Now, I will instead compare how men and women might differ in the amount of financial resources avaialble for learning by country using the 3 that we found to have the most female respondents: US, UK Canada
## Isolate gender data set for:
## 1) male & female respondents
## 2) our 3 countries of interest for gender analysis: US, UK, Canada
## 3) remove outliers in MoneyPerMonth equal to or greater than 10000
gender_top3_mw = money[(money['CountryLive'].str.contains(
'United States of America|United Kingdom|Canada'))&(money['Gender'].str.contains(
'female|male')&(money['MoneyPerMonth']<10000))]

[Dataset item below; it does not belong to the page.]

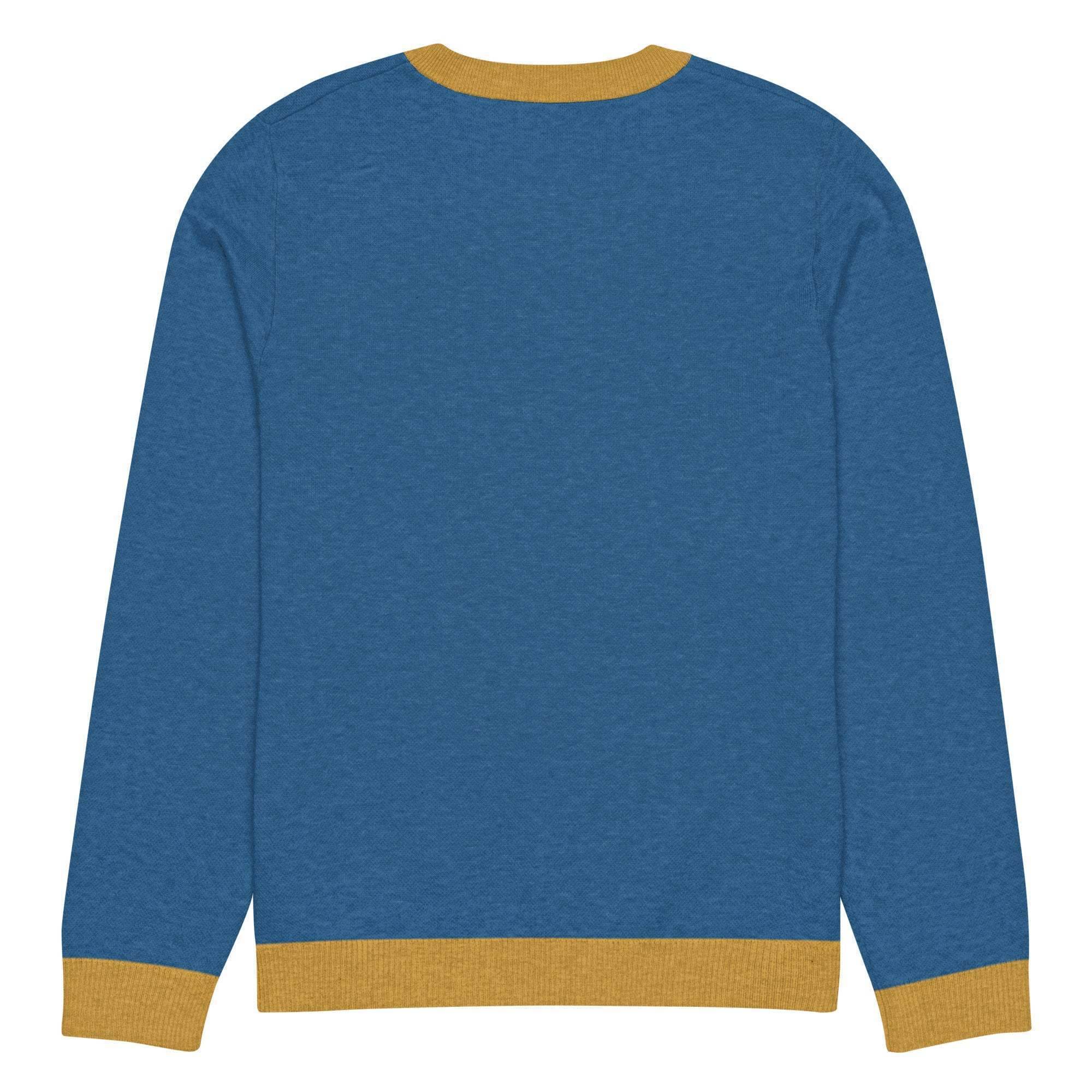 Crypto Shiba Inu Knitted Crew Sweater - InvestmenTees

## Generate grouped box plots by country and gender
sns.set_style('darkgrid')
sns.boxplot(x='CountryLive', y='MoneyPerMonth', hue='Gender', data=gender_top3_mw)
plt.title('Money Spent Per Month \nby Gender and Country')
plt.ylabel('Money Per Month (US dollars)')
plt.xlabel('Country')
plt.xticks(rotation=0) # avoids tick labels overlap
plt.ylim([0,10000])
plt.show()
/dataquest/system/env/python3/lib/python3.4/site-packages/seaborn/categorical.py:482: FutureWarning: remove_na is deprecated and is a private function. Do not use. box_data = remove_na(group_data[hue_mask])
## Group gender_top3_mw by country and gender with average MPM
top3_mw_grouped = gender_top3_mw.groupby(['CountryLive','Gender']).mean()
top3_mw_grouped['MoneyPerMonth']
CountryLive Gender Canada female 152.252715 male 102.158928 United Kingdom female 78.673260 male 36.668347 United States of America female 205.464014 male 138.559582 Name: MoneyPerMonth, dtype: float64
We can see that, despite available statistics showing average salaries for women being lower than for men, female respondents to the survey in the US, UK and Canada actually reported having more money available to spend on learning per month than men.
This disproves our original hypothesis: that female survey respondents may be at a disadvantage financially compared to the male respondents and may benefit from a lower cost for our e-learning courses.
Although the data here shows that women in these 3 countries have the financial resources to study programming and other tech skills, they still represent a minority in our sample, accounting for only 22% of overall responses.
Therefore, should the company want to contribute to reducing the gender representation gap in tech fields, offering a scholarship or discount on learning fees to women in their advertising campaign may be a way to encourage more women to consider using their courses to start a career in tech.